October 28, 2013

Burdening the Church

The other day a woman looking for financial help called the church and I listened to her hard luck story. She lost her apartment, didn’t have a job or a car, and she could only survive for a week in her current circumstances. With every suggestion I made about where she might find assistance, she counter punched with justification on why it wouldn’t help. I told her the deacon in charge of our church benevolence would have to interview her first, but unfortunately he was recovering from surgery. She understood, and as if to say she was worthy of help, she said that she attended church with her mom. Then in a quick follow up she said, “But I can’t stay with my family because they don’t have room for me.” Tactfully (at least I think I was tactful) I told her that it’s a family’s responsibility to take care of each another so that the church won’t be burdened. Abruptly she said good-by and hung up. “If any woman who is a believer has widows in her family, she should help them and not let the church be burdened with them, so that the church can help those widows who are really in need.” (1 Tim 5:16 NIV)

1 comment:

Steve Corey said...

Gail;

-----Our American culture has served us a responsibility set very oriented towards the individual. To earn your own keep is to produce as much as you consume. The social focus through the formative years of our land was for each of us to step into this responsibility of our own volition. But man has both an individual and a mutual nature. The economic aspect of monetary currency breaks down at the family boundary of mutuality.
-----Now, my intention is not to be repetitious by reference to “monetary currency.” Money and honor are reciprocating concepts. Honor is the vessel in which money receives its value. And, in turn, honor is maintained by the proper exchange of money. Outside the family, money, goods, services, and capital are the prominent elements of economy. So, the prominent aspect of the exchange currency is money. Inside family boundaries, these take a back seat to honor. And honor is generated by character. So there, the currency for exchange is more defined by honor than money.
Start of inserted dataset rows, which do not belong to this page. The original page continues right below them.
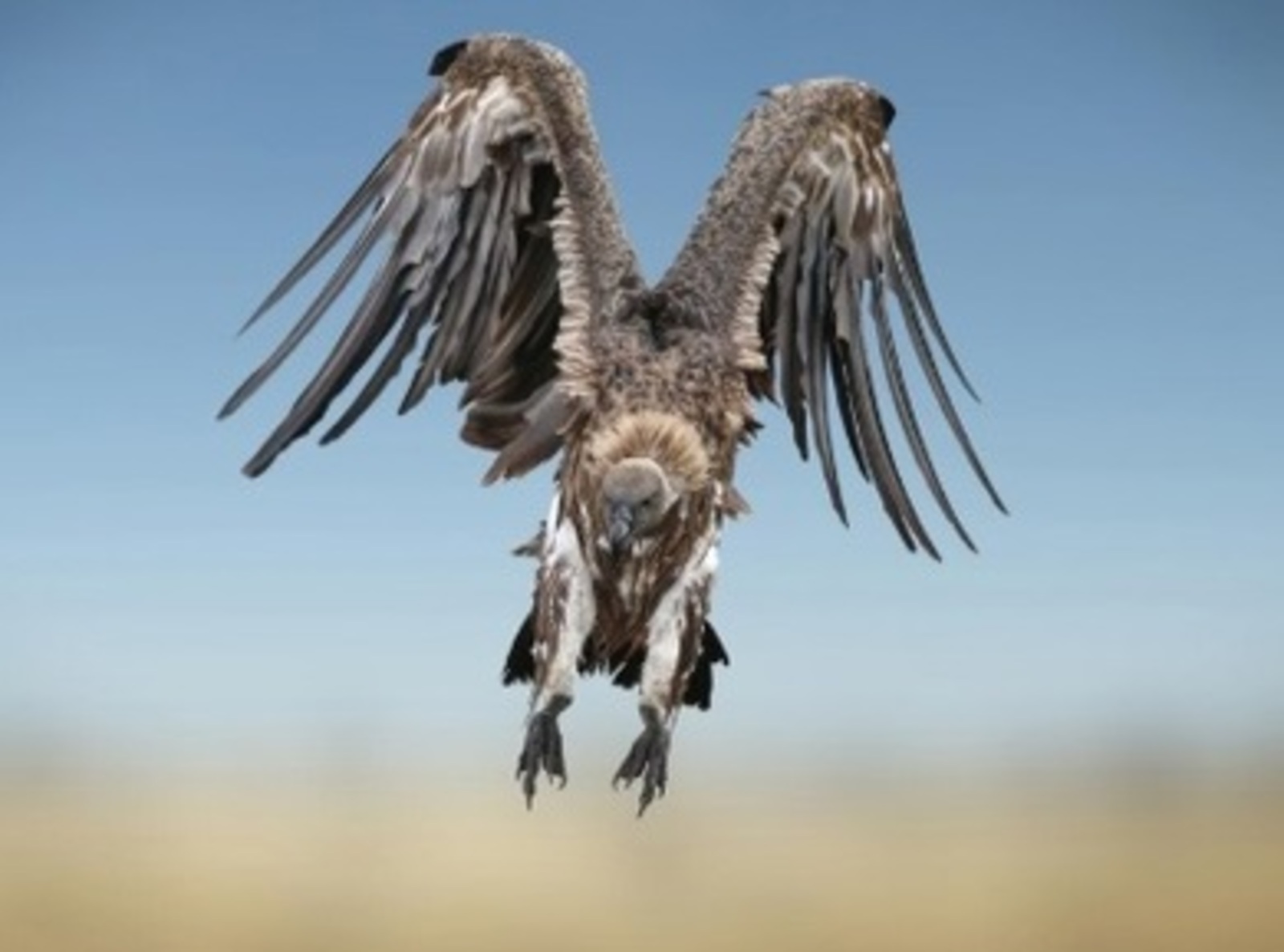 Әхсән БАЯН. Бөркетнең хәтере калды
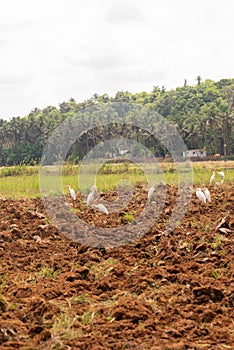 SOUTH GOA, INDIA - May 20, 2020: Agricultural Landscape view in Goa/India with tractor in foreground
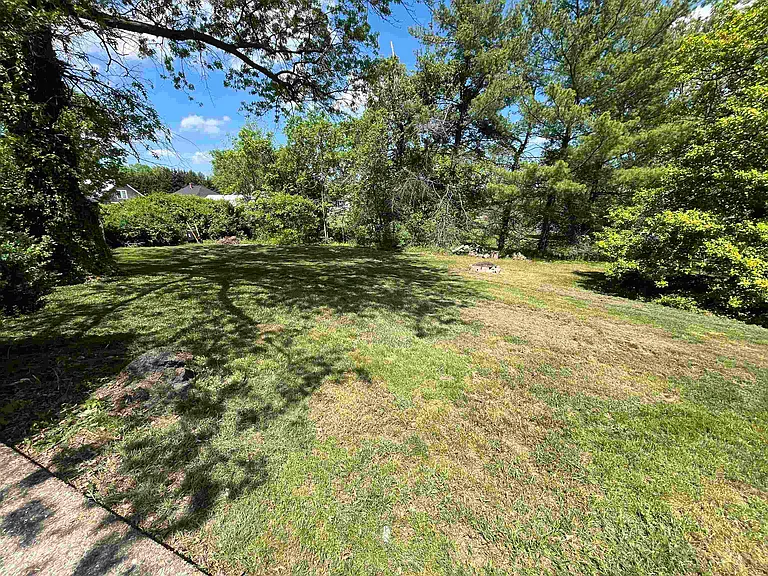 226 Orchard Ln — Photo 35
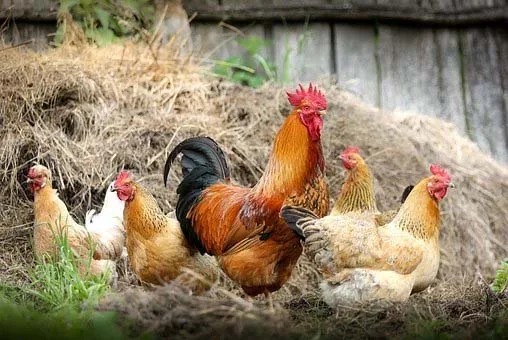 Allow Chickens in Ripon, Wisconsin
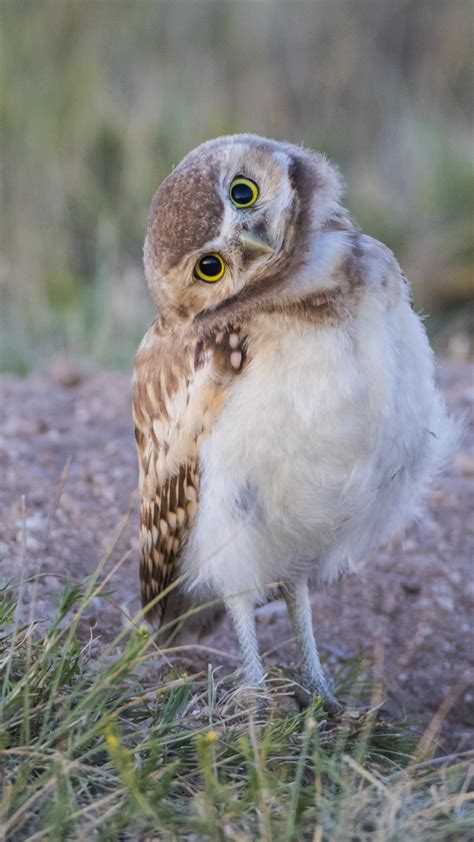 young burrowing owls   edge   natal burrow sublette county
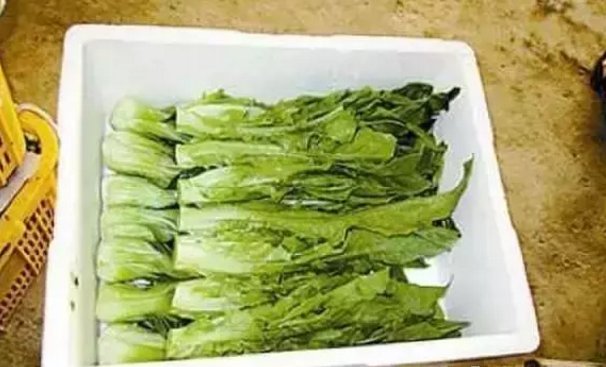 第8张图片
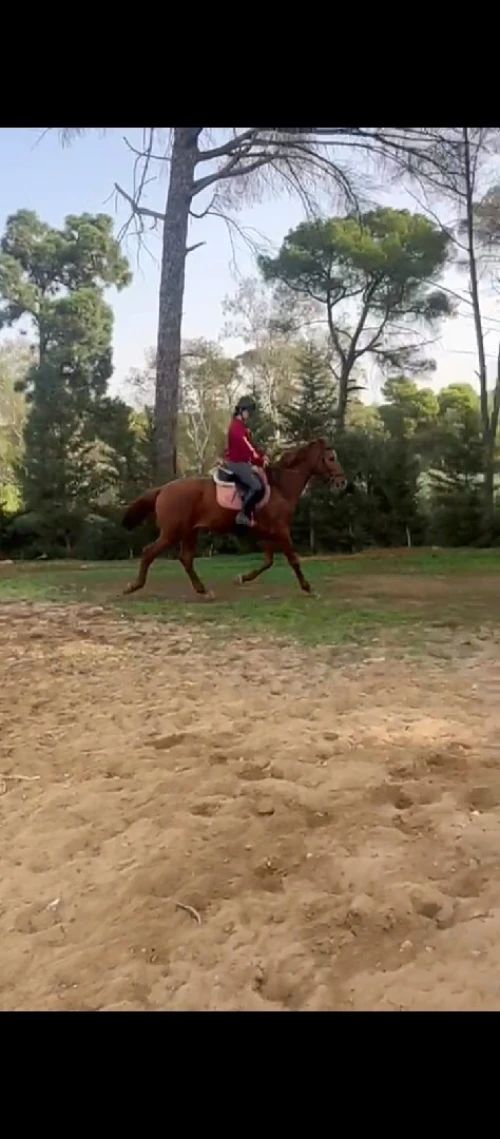 Cheval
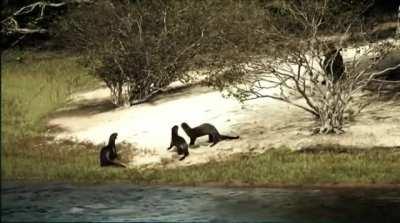 Jaguar mistakes Giant Otters for easy food [cross post]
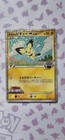 Spiky-Eared Pichu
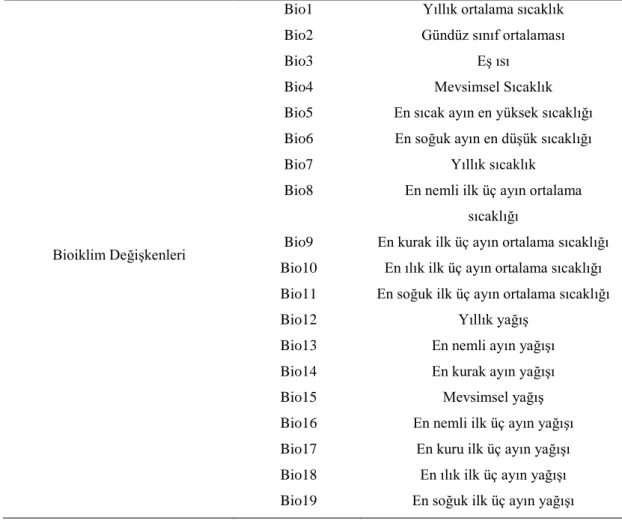 Tablo 3.2’nin devamı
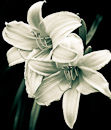 F.50000 Duotone Hemerocallis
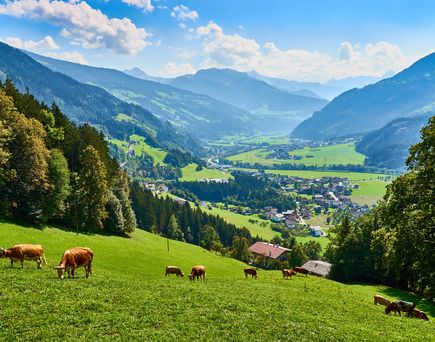 Ausblick über Dorf im Zillertal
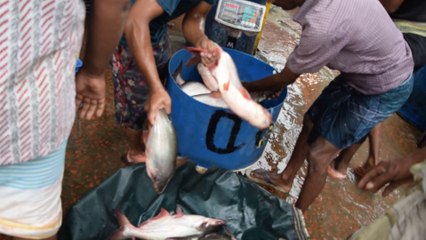 Pangash Fish Selling at Dhaka Fish Market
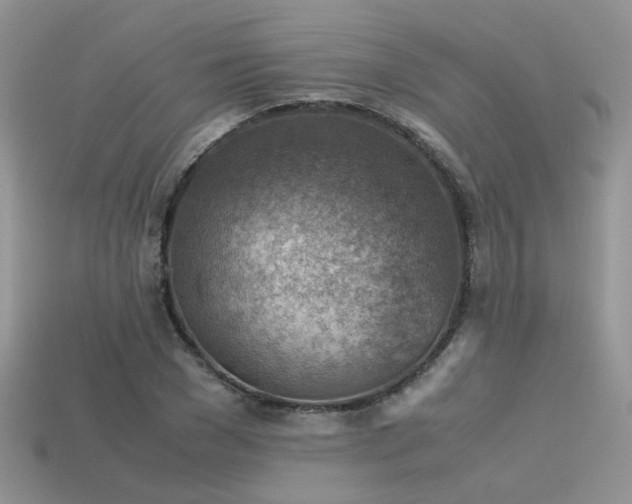 X0000113590977200909181328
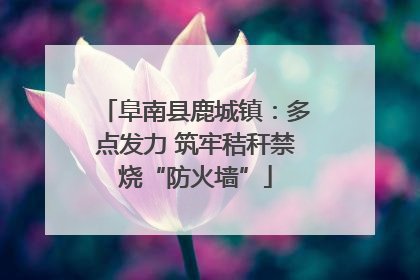 阜南县鹿城镇：多点发力 筑牢秸秆禁烧“防火墙”
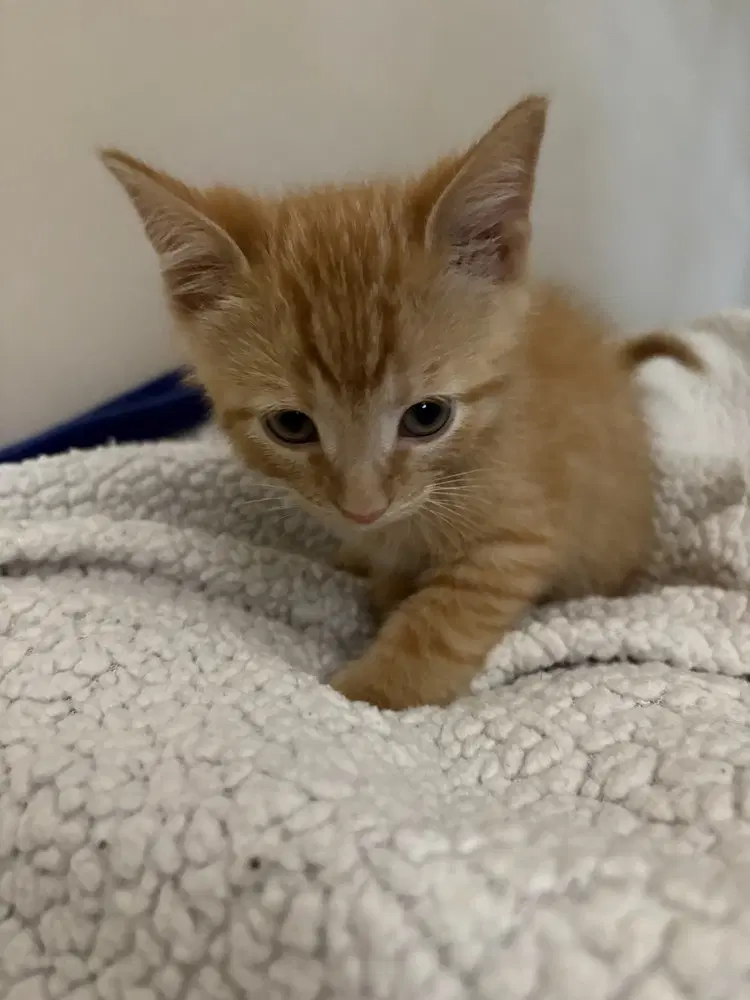 Simple Plan - Domestic Short Hair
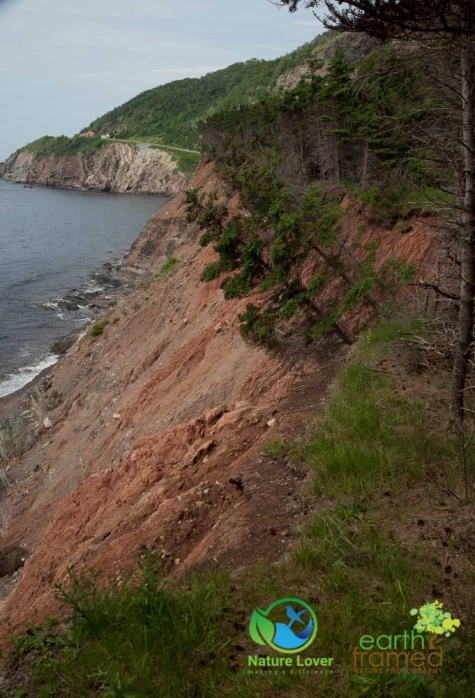 2695291118 Historical Acadian Trail At Cape Breton Highlands National Park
For sure, none of the concepts of goods, services, capital, or exchange go away inside family boundaries. Nor even does money. But honor rises to the fore.
-----This is why family is very important for the more laissez-faire cultures. Both the importance of direct-exchange and honor must be cultivated into the individuals of that kind of society. In the indirect-exchange structure of collectivism, honor takes a back seat, if it is not thrown under the bus, entirely, along with character and family. For the exchange transaction there is between the individual and the collective with emphasis upon the collective.
-----It is hard to say whose character is sub-par in the situation where room for a woman out of everything can not be found somewhere. For too long we’ve been the rider of a two horse culture with a foot on each saddle. Our economy had been prosperous enough that few families had to worry about housing a member for any more than a short time. If it had to be done, it seemed like quality of character and depth of honor factored the level of investment offered.
-----Yet the government has been pouring a generous trough-slopping before every weakness within the general public. By it, individual character and honor are being spoiled within those too careless to control their ambition to get something for nothing.
-----By riding both horses, the population has become proportionately more of the latter than the former. We now live in a time where the fear of the hard working to invest in the livelihood of the freely-taking is beginning to disrupt the important rhythms between the two horses. This rider had better commit to one horse or the other before his backside gets firmly planted in road apples.